- [WHAT THIS TASK INVOLVES]
Look through the data below and return each line where "featuring" appears.

- [PROVIDED RECORDS]
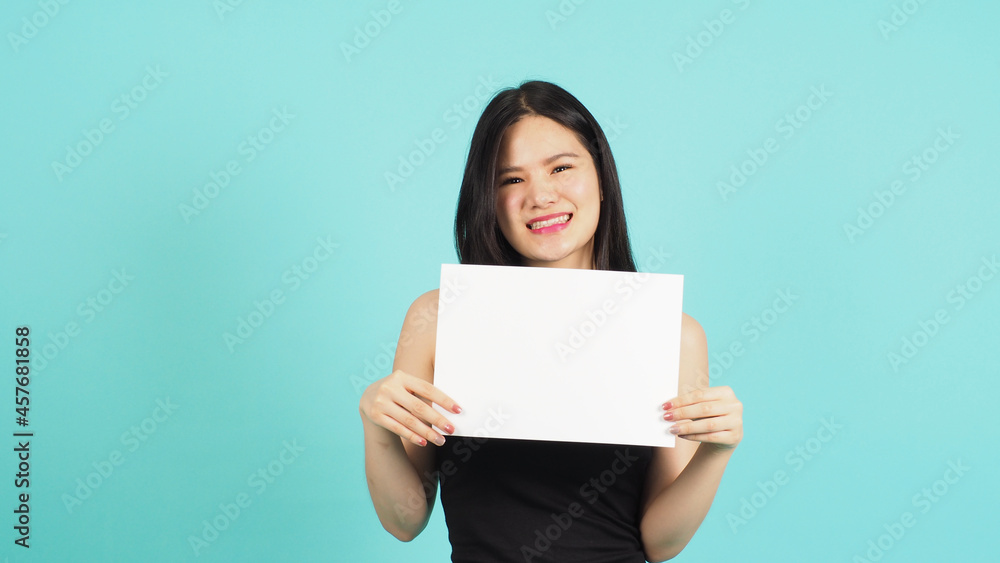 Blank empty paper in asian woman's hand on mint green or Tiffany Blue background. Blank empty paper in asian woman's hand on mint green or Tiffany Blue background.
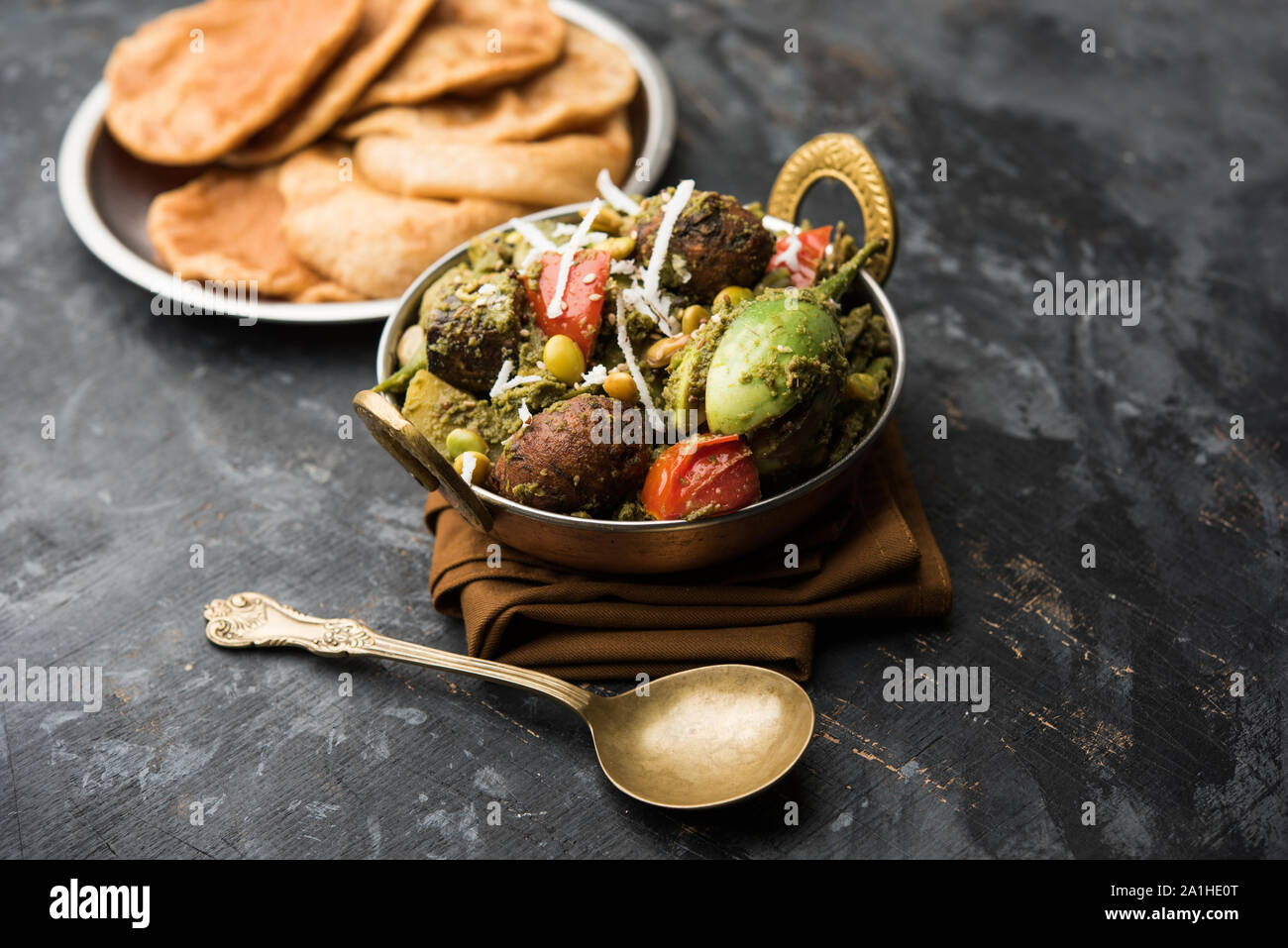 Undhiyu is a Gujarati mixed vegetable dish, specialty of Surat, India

--

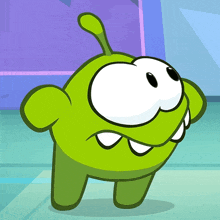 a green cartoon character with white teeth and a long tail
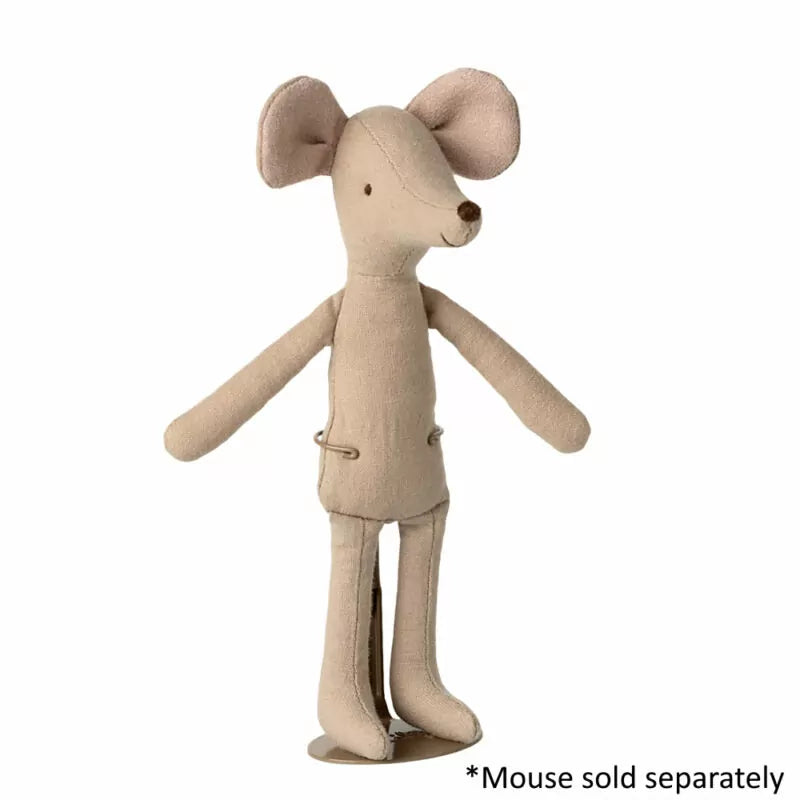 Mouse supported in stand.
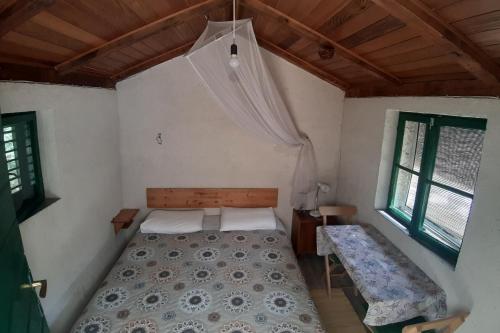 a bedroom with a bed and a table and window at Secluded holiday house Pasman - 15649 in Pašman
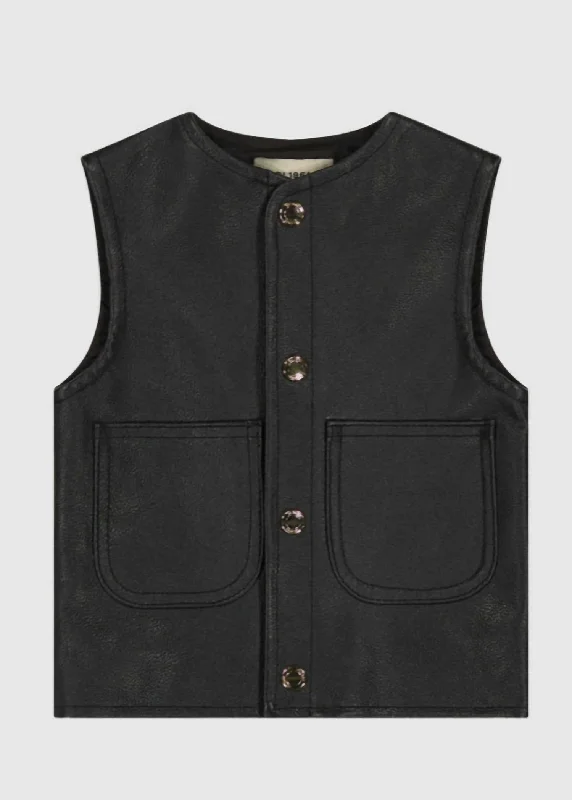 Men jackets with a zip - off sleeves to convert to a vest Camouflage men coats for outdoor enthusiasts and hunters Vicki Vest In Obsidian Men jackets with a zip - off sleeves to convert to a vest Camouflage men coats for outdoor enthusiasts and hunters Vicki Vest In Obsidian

--

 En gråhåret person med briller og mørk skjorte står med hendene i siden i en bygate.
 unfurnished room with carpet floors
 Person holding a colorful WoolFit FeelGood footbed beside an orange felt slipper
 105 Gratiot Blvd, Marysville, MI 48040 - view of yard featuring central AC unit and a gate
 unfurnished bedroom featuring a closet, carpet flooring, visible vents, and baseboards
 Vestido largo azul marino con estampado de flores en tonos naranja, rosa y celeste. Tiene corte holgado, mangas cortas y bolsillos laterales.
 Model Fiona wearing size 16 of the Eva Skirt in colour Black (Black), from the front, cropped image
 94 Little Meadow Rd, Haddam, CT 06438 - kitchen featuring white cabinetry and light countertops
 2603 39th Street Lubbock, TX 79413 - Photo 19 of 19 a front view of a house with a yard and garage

- [ANSWER BELOW]
 105 Gratiot Blvd, Marysville, MI 48040 - view of yard featuring central AC unit and a gate
 unfurnished bedroom featuring a closet, carpet flooring, visible vents, and baseboards
 94 Little Meadow Rd, Haddam, CT 06438 - kitchen featuring white cabinetry and light countertops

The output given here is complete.